A group of North and Northwest Side aldermen are asking to bring affordable family housing into their wards to combat what they call segregation and gentrification.

The seven aldermen held a news conference Wednesday at City Hall to put their names on a prop-sized letter addressed to Ald. Joe Moore, chairman of the City Council’s Committee on Housing and Real Estate. In the letter, they pledged to work with the Chicago Housing Authority, city leaders and community organizations to build at least 50 CHA-sponsored apartments in each of their wards before their terms come to an end.

They also urged Moore to support the Keeping the Promise Ordinance, which has the backing of 25 aldermen and is intended to ensure the CHA invests hundreds of millions of dollars in affordable housing. The ordinance is pending in Moore’s committee, and they want it voted on in the next 30 days.

“Our Keeping the Promise ordinance has been collecting dust in the housing committee for three years now,” Ald. Deborah Mell (33rd) said. “It really deserves a vote and due process.”

More than a year ago, the committee held a hearing on the bill; members heard 11 hours of testimony and comments about the ordinance.

An oversized copy of a letter was displayed at a City Hall news conference on Wednesday, and seven aldermen signed it. | Andrea Salcedo/For the Sun-Times

An oversized copy of a letter was displayed at a City Hall news conference on Wednesday, and seven aldermen signed it. | Andrea Salcedo/For the Sun-Times

“We continue to believe that the Keeping the Promise Ordinance is a strong piece of legislation and deserves due process, including a vote before the full city council,” the letter states.

The ordinance also asks the CHA to provide reports to the Committee on Housing and Real Estate on, among other things, the agency’s available funds, available housing in each ward and its progress on building replacement public housing across all neighborhoods.
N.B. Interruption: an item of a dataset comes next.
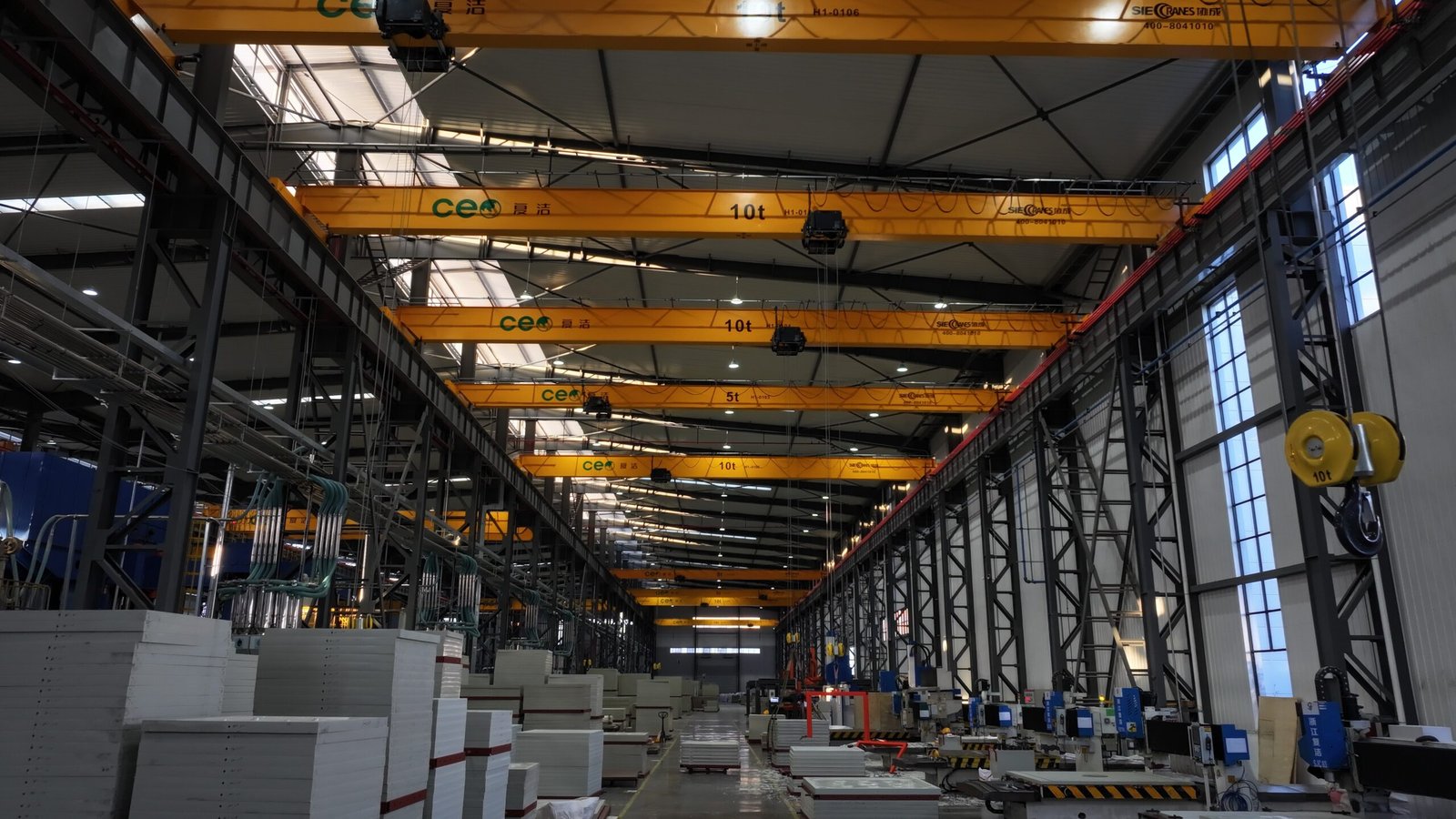 yuanfang steel structure fujie tech 04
“We need the CHA to report to the City Council regularly and open up its books so we can see what they’re spending their money on,” Mell said.

Other key elements of the ordinance include the committee’s power not to authorize city funding for CHA redevelopment if the master plan doesn’t show how at least 20 percent of planned public housing units are located in low-poverty neighborhoods and that CHA would replace all standing units it proposed to demolish or convert on a one-on-one basis.

The ordinance also requires that the city not approve Planned Development Applications to dispose of CHA land until it provides a replacement housing plan. That plan must include the location, financing and timeline for constructing all replacing housing units promised at the time of demolition. Additionally, the replacement must be built within five years.

But not everyone is on board with the goal of putting more CHA affordable housing in low-poverty neighborhoods. In February, more than 100 Jefferson Park residents protested against a seven-story, 100-unit building, a project that had the backing of Ald. John Arena (45th). Some objected to the size of the building, but some opponents used racist language.

Ald. Ameya Pawar questioned how much power residents should have when deciding what comes into their neighborhoods if, in opposing a project, they shift the conversation of affordable housing into “racist” arguments against it.

“If Alderman [John] Arena brings up this project and his office is hijacked for six months for 84 units how do you bring that forward in other communities?” Pawar (47th) said.

The group of aldermen is confident they have enough votes inside the committee to pass the ordinance and wants it voted on May 22.

Besides Arena, other aldermen at Wednesday’s news conference were Joe Moreno (1st), Chris Taliaferro, (29th), Carlos Ramirez-Rosa (35th) and Harry Osterman (48th).